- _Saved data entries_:
================

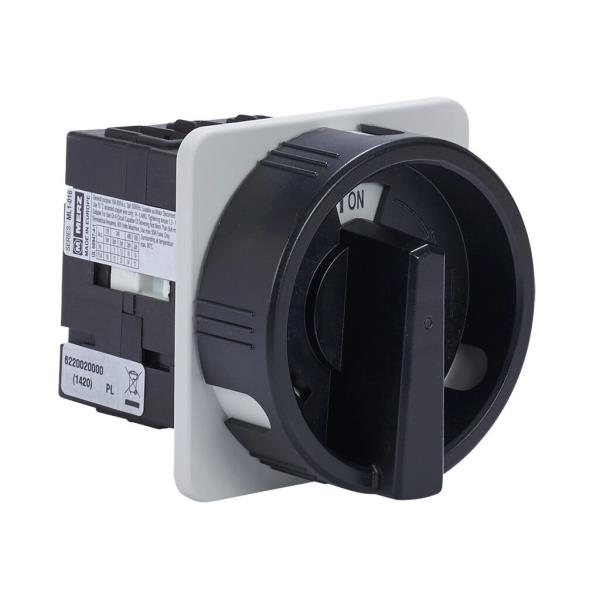 MERZ ELEKTRO ML1-016-E-H03B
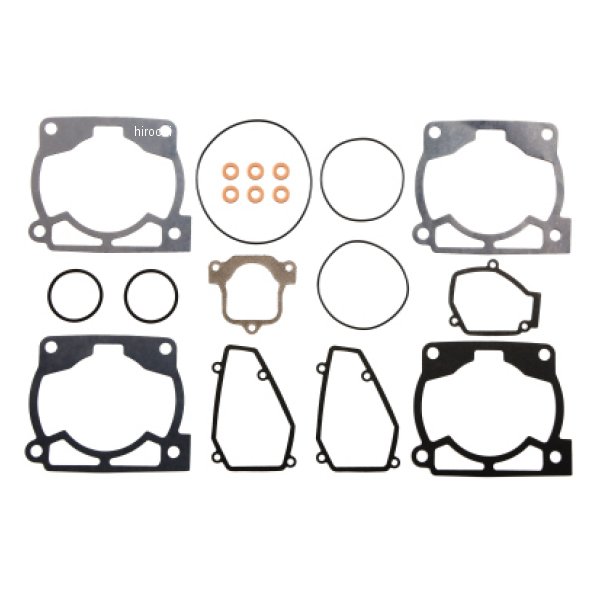 Cometic 13年-21年 Beta RR250 トップエンド ガスケットキット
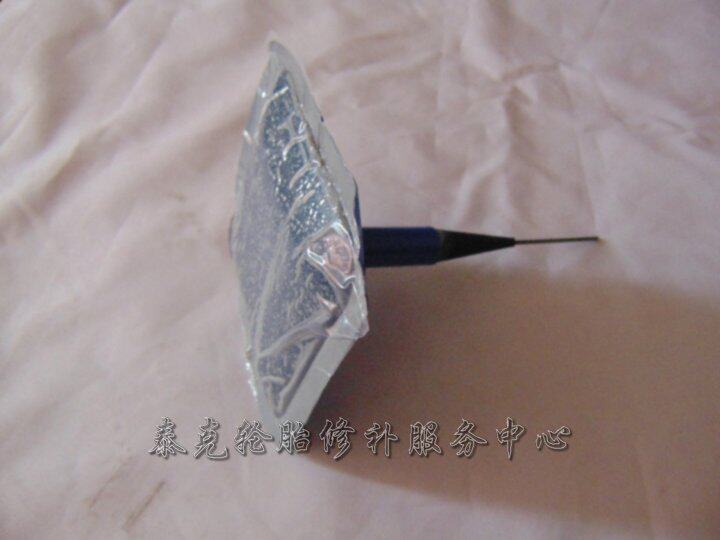 Kit de réparation vélo - Ref 2315802 Image 3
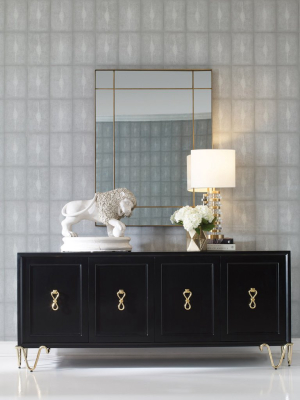 Noir Sideboard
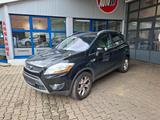 Ford Kuga Champions Edition/AUT/AHK - Ford Kuga: Champions Edition
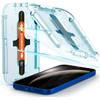 Spigen Glas.tR EZ Fit Panzerglas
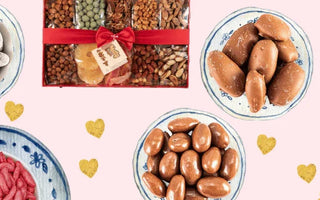 Valentine's Day: The Perfect Time for Sweet Gifts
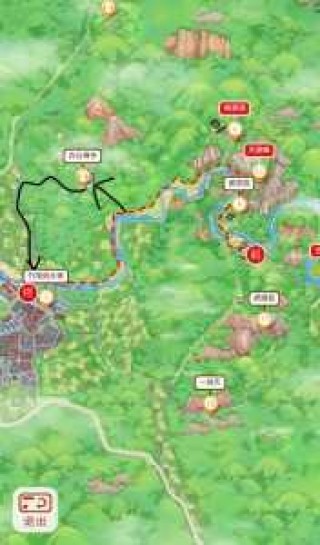 武夷山游玩攻略？武夷山游玩攻略自助游？
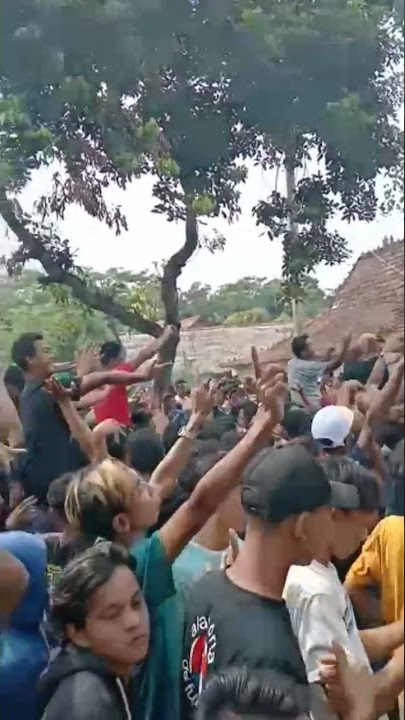 🔴ROMANSA DONORJO - DANGDUT ORKES JEPARA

================

- _DIRECTIONS FOR THIS TASK_:
Leaving pictures aside, give again word for word each line from the one with "Noir Sideboard" to the final line of the entries.

- _OUTPUT OF THE EXERCISE_:
 Noir Sideboard
 Ford Kuga Champions Edition/AUT/AHK - Ford Kuga: Champions Edition
 Spigen Glas.tR EZ Fit Panzerglas
 Valentine's Day: The Perfect Time for Sweet Gifts
 武夷山游玩攻略？武夷山游玩攻略自助游？
 🔴ROMANSA DONORJO - DANGDUT ORKES JEPARA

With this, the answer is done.